▸ **INFORMATION SHOWN**:
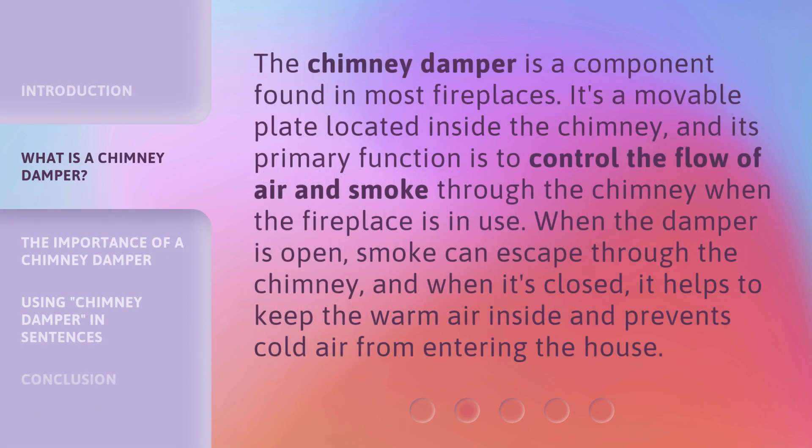The chimney damper is a component found in most fireplaces. It's a movable plate located inside the chimney, and its primary function is to control the flow of air and smoke through the chimney when the fireplace is in use. When the damper is open, smoke can escape through the chimney, and when it's closed, it helps to keep the warm air inside and prevents cold air from entering the house.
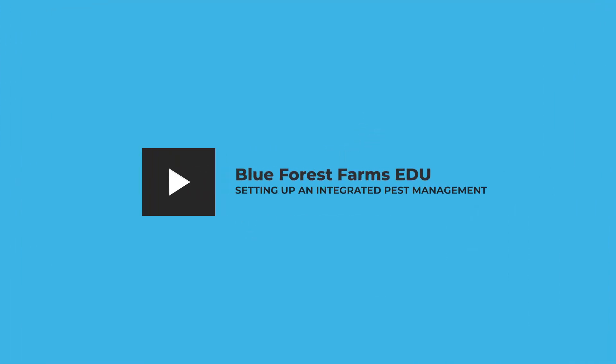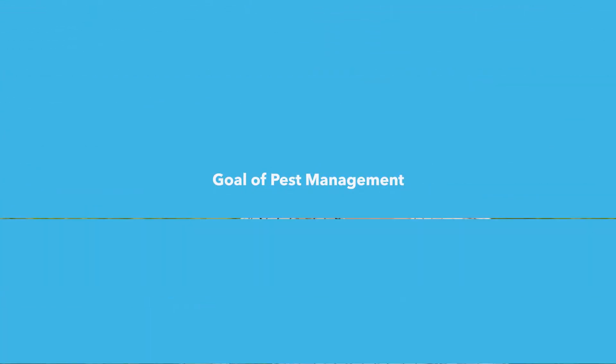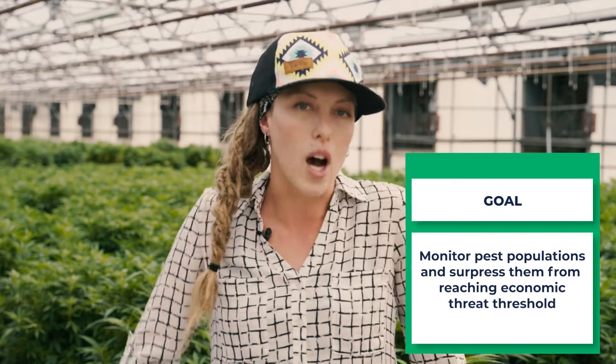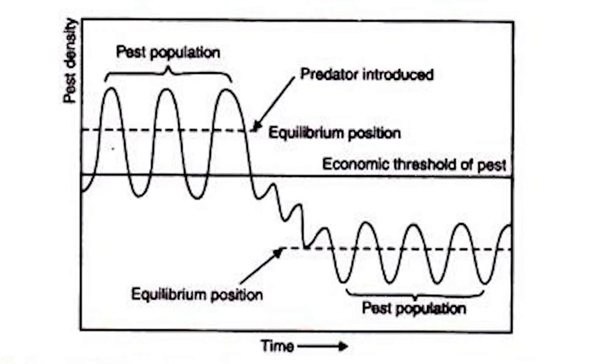Today we're going to be talking about IPM, or Integrated Pest Management. This is a system of using biological, ecological, and cultural controls as opposed to the harsh chemical pesticides used in conventional pest control. The goal is to keep pest populations under the economic threat threshold using ecologically sustainable practices. Populations below that economic threat threshold are just not worth the money and time to treat. The focus of IPM is going to be on the monitoring and prevention of pest populations as opposed to regular treatments with chemicals.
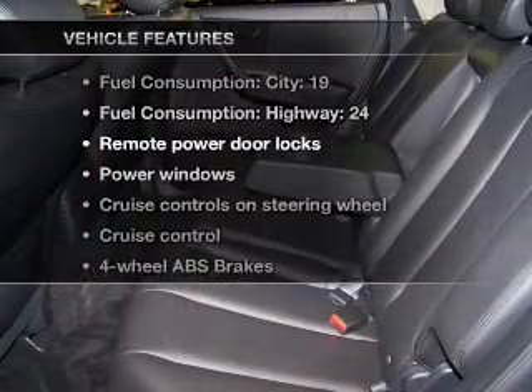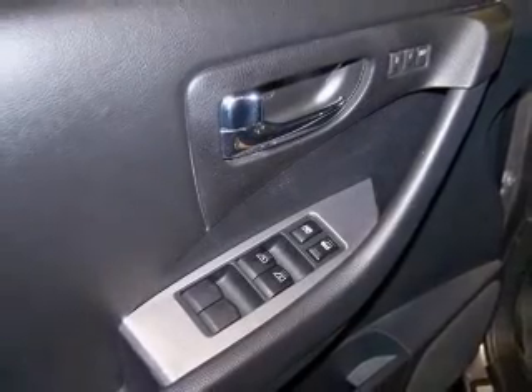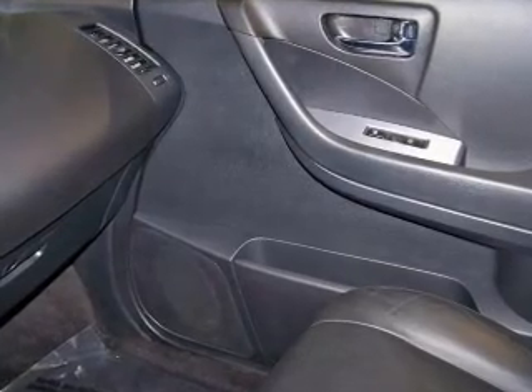Plus, enjoy these notable features that are included in this vehicle: air conditioning, power door locks, power windows, power steering, cruise control, power mirrors, an AM/FM stereo with a CD player, and an adjustable tilt steering wheel.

▸ **EXERCISE INSTRUCTIONS**: Using the material above, set down every line exactly, but skip the pictures.

▸ **TASK ANSWER**:
The chimney damper is a component found in most fireplaces. It's a movable plate located inside the chimney, and its primary function is to control the flow of air and smoke through the chimney when the fireplace is in use. When the damper is open, smoke can escape through the chimney, and when it's closed, it helps to keep the warm air inside and prevents cold air from entering the house.
Today we're going to be talking about IPM, or Integrated Pest Management. This is a system of using biological, ecological, and cultural controls as opposed to the harsh chemical pesticides used in conventional pest control. The goal is to keep pest populations under the economic threat threshold using ecologically sustainable practices. Populations below that economic threat threshold are just not worth the money and time to treat. The focus of IPM is going to be on the monitoring and prevention of pest populations as opposed to regular treatments with chemicals.
Plus, enjoy these notable features that are included in this vehicle: air conditioning, power door locks, power windows, power steering, cruise control, power mirrors, an AM/FM stereo with a CD player, and an adjustable tilt steering wheel.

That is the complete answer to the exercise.